Update performance metrics in naive Bayes incremental learning classification model given new data and train model

Since R2021a

Description

Given streaming data, updateMetricsAndFit first evaluates the performance of a configured naive Bayes classification model for incremental learning (incrementalClassificationNaiveBayes object) by calling updateMetrics on incoming data. Then updateMetricsAndFit fits the model to that data by calling fit. In other words, updateMetricsAndFit performs prequential evaluation because it treats each incoming chunk of data as a test set, and tracks performance metrics measured cumulatively and over a specified window [1].

updateMetricsAndFit provides a simple way to update model performance metrics and train the model on each chunk of data.
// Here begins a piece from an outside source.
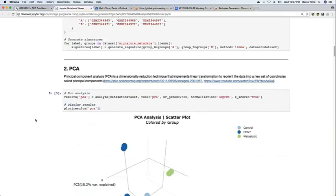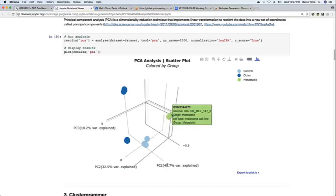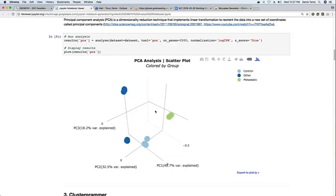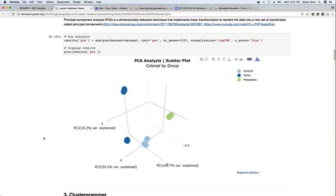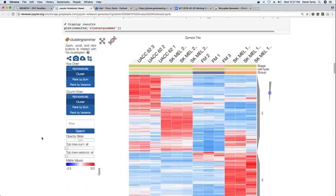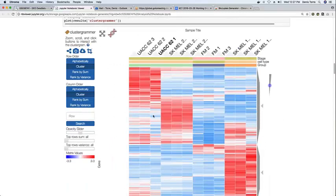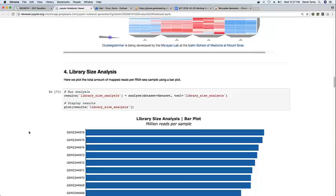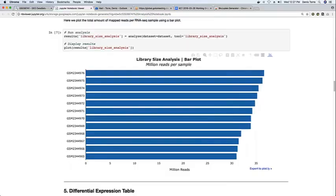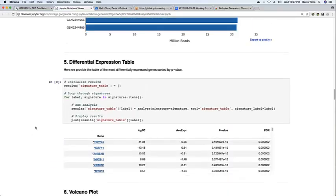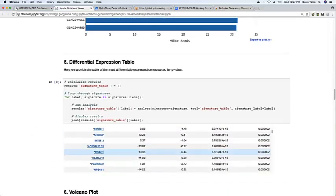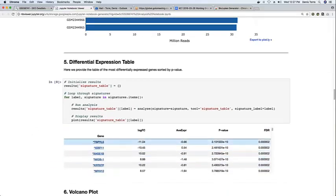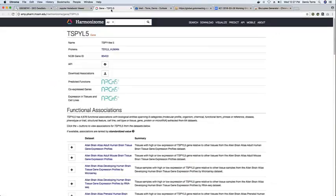And then the rest of the notebook contains interactive visualizations and plots, such as a PCA, heat maps to explore the data, bar charts showing the library sizes, summaries of the differential expression analysis, including links to external databases, which contain information about genes.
Alternatively, you can perform the operations separately by calling updateMetrics and then fit, which allows for more flexibility (for example, you can decide whether you need to train the model based on its performance on a chunk of data).

Mdl = updateMetricsAndFit(Mdl,X,Y) returns a naive Bayes classification model for incremental learning Mdl, which is the input naive Bayes classification model for incremental learning Mdl with the following modifications:

  1. updateMetricsAndFit measures the model performance on the incoming predictor and response data, X and Y respectively. When the input model is warm (Mdl.IsWarm is true), updateMetricsAndFit overwrites previously computed metrics, stored in the Metrics property, with the new values. Otherwise, updateMetricsAndFit stores NaN values in Metrics instead.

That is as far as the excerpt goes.